4       The defendants admit the partnership, but say that it was governed by the terms of the first partnership deed between Luo and BNSK and that the parties did not intend to be bound by the second partnership deed.  The defendants’ defence is otherwise largely made up of un-particularised denials and non-admissions.  The defendants’ amended defence dated 12 April 2017 had contained a number of more substantive positive allegations in answer to the plaintiffs’ claims (including an allegation of illegality), but these were struck out by order of Judicial Registrar Tran made 28 July 2017, discussed further below.

Procedural history

5       It is convenient to begin the narrative of the procedural history of this proceeding with the order of Judicial Registrar Tran made 28 July 2017, where the Judicial Registrar set out in “Other Matters” the following:

“This proceeding was commenced by writ filed 29 July 2016.  On 15 August 2016, Foster Nicholson Lawyers filed an appearance on behalf of the Defendants.  The proceeding was initially listed for trial on 27 March 2017.  On 4 November 2016, leave was given to Foster Nicholson Lawyers to cease to act.  On 3 March 2017, Rigby Cooke Lawyers filed a notice of appointment for the Defendants and the trial date was vacated and re-fixed for hearing on 7 August 2017.  On 3 July 2017, Rigby Cooke Lawyers was granted leave to cease to act.  On 10 July 2017, Fairweather Legal filed a Notice of Solicitor acting for the First Defendant.  On 17 July 2017, Fairweather Legal filed a Notice of Solicitor Acting for the Second and Third Defendants.  On 17 July 2017, I refused an application by the Defendants to vacate the trial date.  By email to the Associate to the Judicial Registrar sent 26 July 2017 at 6:52 PM, Fairweather Legal has applied for leave to cease to act on behalf of the Defendants.”
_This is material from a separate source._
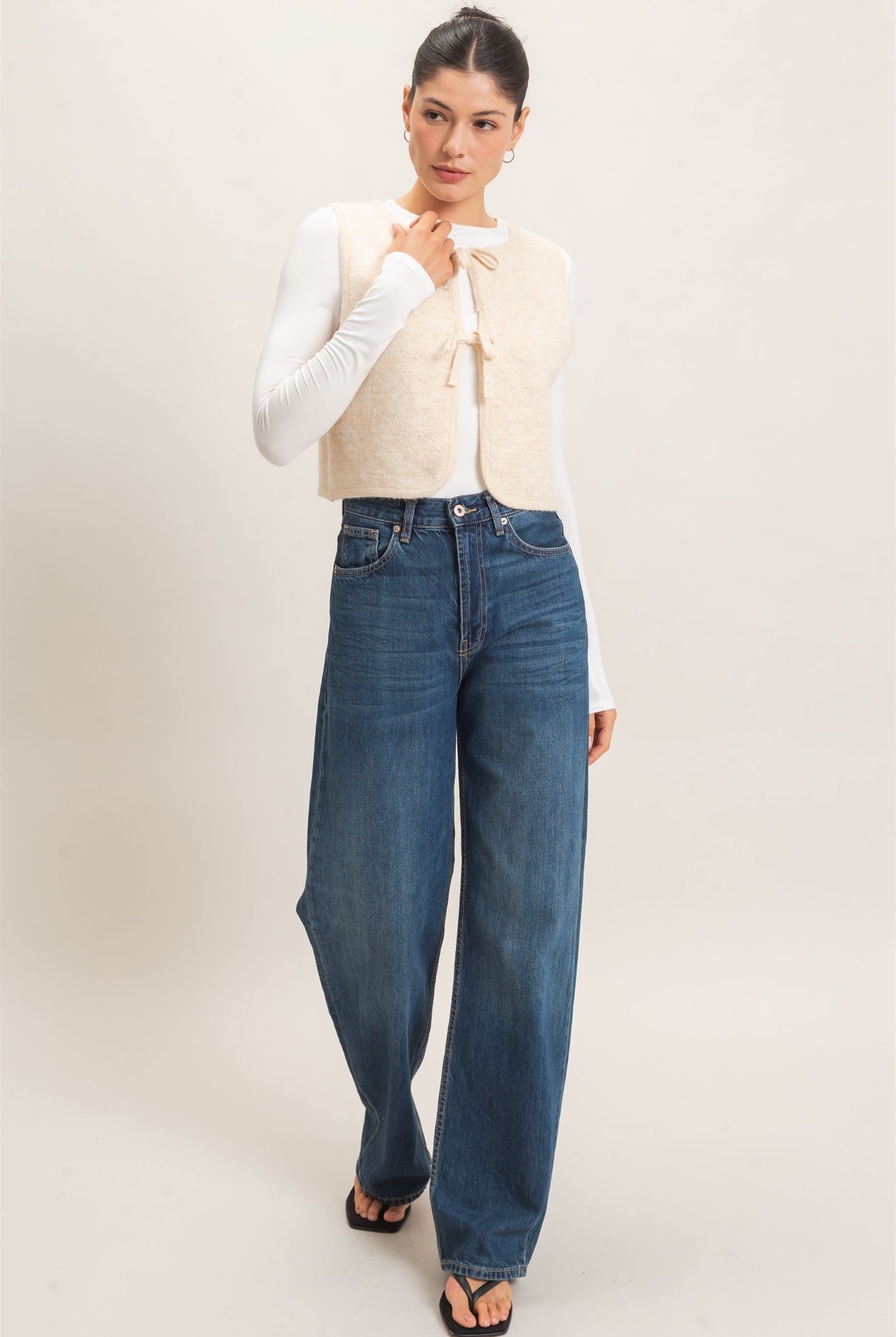 Wholesale Sweater Vest With Front Ties Sweaters HF26E140 OATMEAL HYFVE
6       Judicial Registrar Tran went on to make a series of orders listing the matter for further directions and for a Judicial Resolution Conference on 1 August 2017, and facilitating notice to all parties of the hearing of the application by Fairweather Legal to cease to act and for other directions, scheduled for 1 August 2017.  On that date, the Judicial Registrar made further orders granting the application by Fairweather Legal to cease to act, striking out parts of the defendants’ defence and confirming the trial date of 7 August 2017.
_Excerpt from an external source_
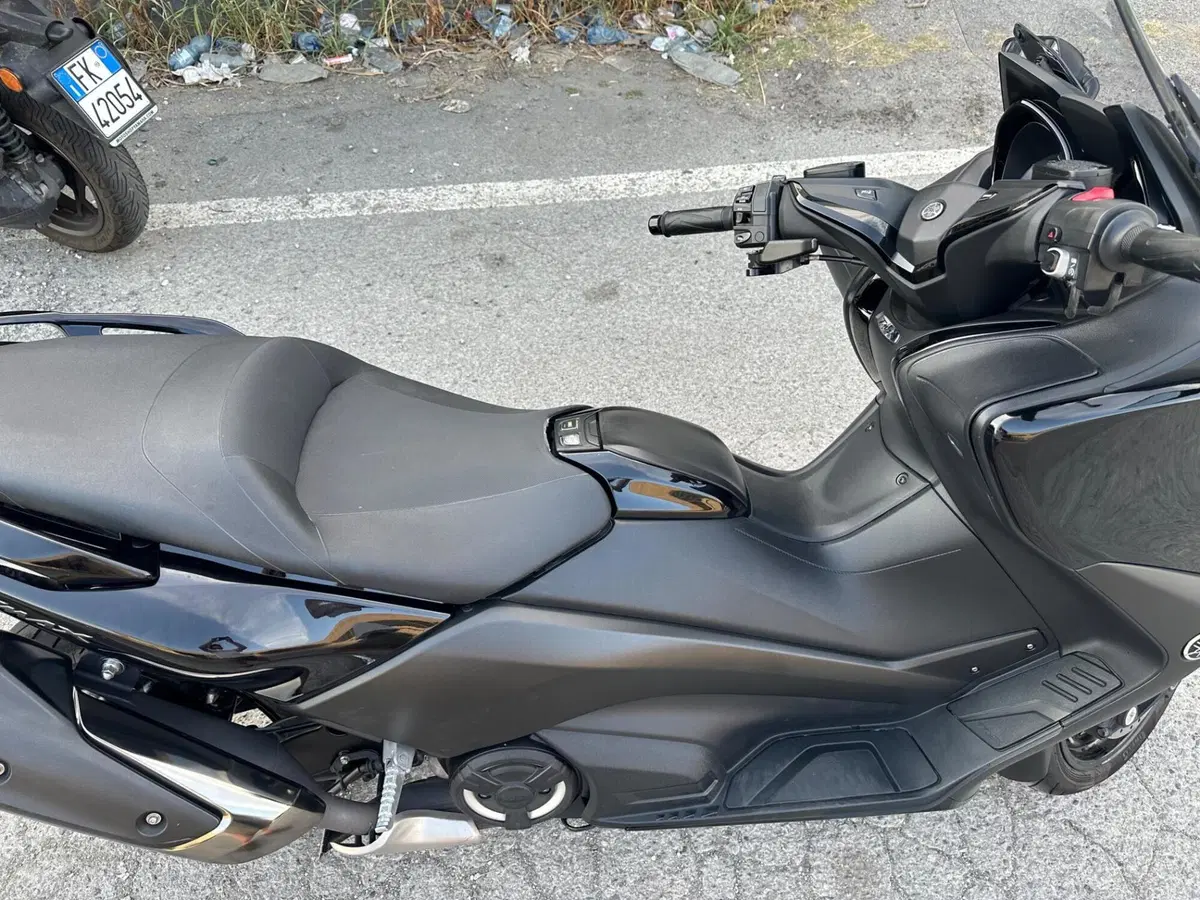 Yamaha T-Max 530 (2017 - 19) (6)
7       The matter came before me on 4 August 2017.  At that hearing, the defendants relied on an affidavit affirmed on 3 August 2017 by Tao Yang.  By that affidavit, Mr Yang deposed that he had appointed solicitors Nevile & Co to act for the first and second defendant in the proceeding, and sought an adjournment on the basis of the very recent appointment of new solicitors who had not yet had time to familiarise themselves with the matter and brief counsel and also on the basis that Mr Yang had been required to fly to China urgently to be with his grandmother who was dying.  The plaintiffs opposed any order to vacate the trial date.  I noted in “Other Matters” in the orders I made that day (and authenticated on 9 August 2017) that:

“The Court stated that it was concerned about the delays to date and the real doubts about whether the defendants had been acting consistently with their obligations under the Civil Procedure Act 2010 (Vic) (“CPA”), but was also concerned that the proceeding was both factually and legally complex and the purposes of the CPA also may not be served by proceeding with the trial in circumstances where the defendants were not represented by counsel or by a solicitor with any real knowledge of the issues in the proceeding.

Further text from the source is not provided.